The Cowbridge Railway was designed to give the town a connection to the merging railway network, but was short of funding. When the Taff Vale Railway assisted it by taking part of the share issue, it was inevitable that the line would be built on the narrow gauge.

The Cowbridge Railway intended to cross the South Wales Railway main line and connect with the L&TVJR at Maesaraul, but this proved beyond its means, and it settled for running into a platform alongside the South Wales Railway station at Llantrisant. That left a gap between the two narrow gauge systems; as part of the negotiation in parliamentary committees, the GWR undertook to mix the gauge on the Ely Valley Railway between Maesaraul and Llantrisant, enabling through running; the necessary running powers were granted to the Cowbridge Railway.

In fact a second, narrow gauge, line was built from Llantrisant to Mwyndy Junction, the lines being mixed onward from there.

The Taff Vale Railway worked the trains on both the Cowbridge and L&TVJR systems, so that passenger trains ran through from Pontypridd to Cowbridge, reversing at Llantrisant. This started on 18 September 1865, when the Ely Valley Railway had finally got approval from the Board of Trade for passenger operation over the mixed gauge section.

The Cowbridge Railway had opened for goods traffic on 30 January 1865.

The Ely Valley Railway had separately undertaken to lay mixed gauge track to enable access for the L&TVJR to Mwyndy, but, no doubt encouraged by the Great Western Railway, was very slow to do so, and a legalistic point over the extent of the branch was used to delay matters. It was not until 5 December 1864 that the installation of mixed gauge was done.

==North from Penrhiwfer==
The northern terminus of the Ely Valley Railway was at Penrhiwfer, near Tonyrefail; there were important pits there. There were further productive pits a little further north, near Penygraig, in Cwm Clydach. In 1860 a parliamentary bill to build such an extension was withdrawn, but the EVR negotiated privately with the landowners; with their agreement a mineral railway could be built without needing to obtain legal powers in an act of Parliament.

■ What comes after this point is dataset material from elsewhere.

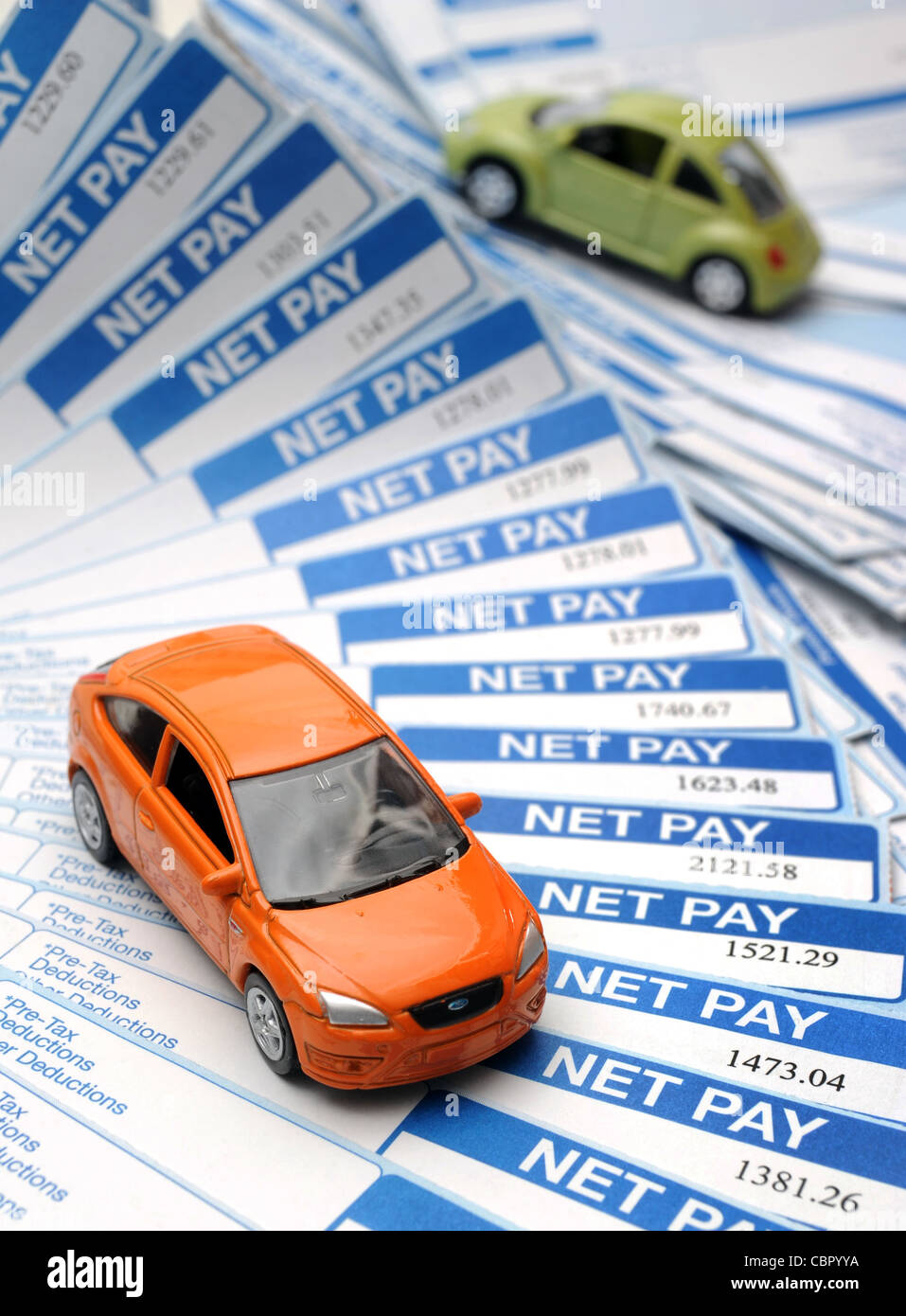 BRITISH PAYSLIPS WITH MODEL CARS RE INCOMES WAGES JOBS RISING INFLATION BILLS HOUSEHOLD BUDGETS SALARIES NET PAY MONEY ETC UK Stock Photo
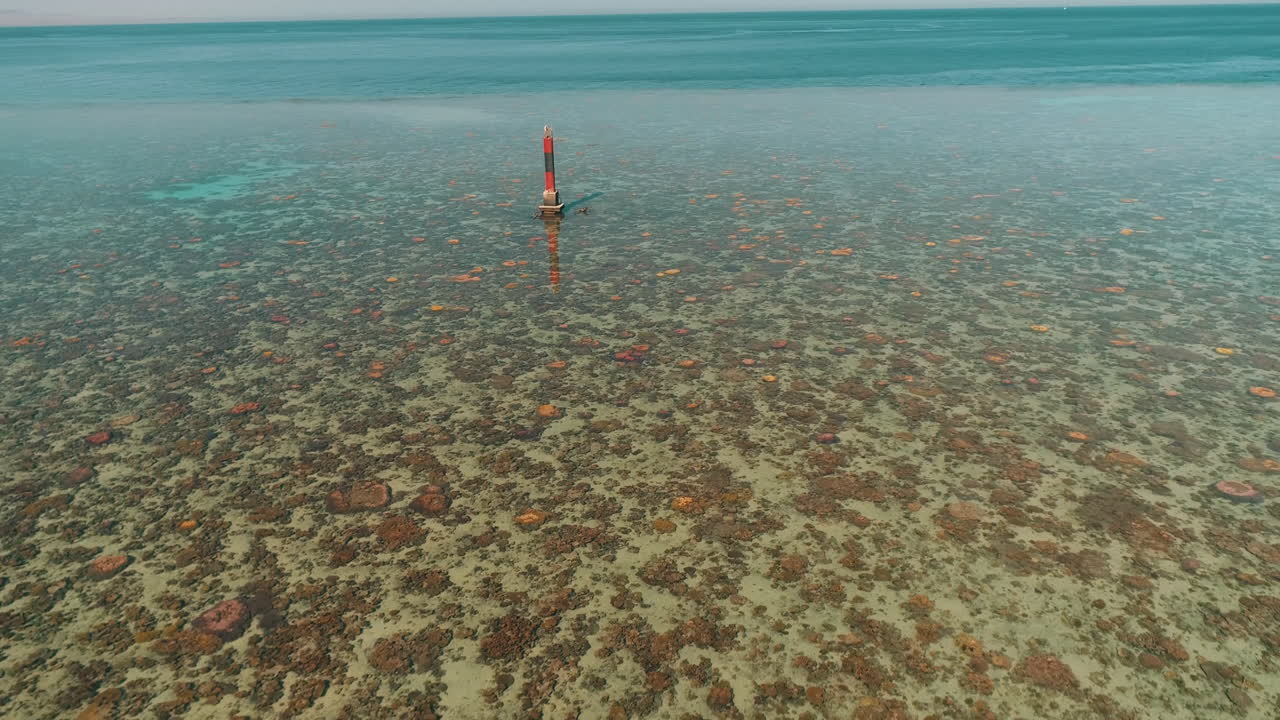 Aerial Shot for the Red Sea of Egypt in the North beside Hurghada with the drone moving backwards from light house on a coral island revealing the wholw site of Abu Nuhas Coral island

The agreement was finalised in October 1860 and the extension was opened to traffic in December 1862. The northern terminus was now at Dinas Goods Station, immediately north of Penygraig colliery. The extension was ratified by the Great Western Railway (Further Powers) Act 1866 (29 & 30 Vict. c. cccvii) of 30 July 1866.

==Ely and Clydach Valleys Railway==
Cwm Clydach was a little further on and the existing pits were served by the TVR Pwllyrhebog branch. This involved a 1 in 13 incline, at this stage a rope worked incline operated on the balanced load system without a stationary steam engine. This was causing congestion as traffic volumes increased, and when a new pit was sunk further up the valley at Clydach Vale in 1872, potentially overwhelming the incline, the Ely Valley Railway considered it was time to compete with the TVR.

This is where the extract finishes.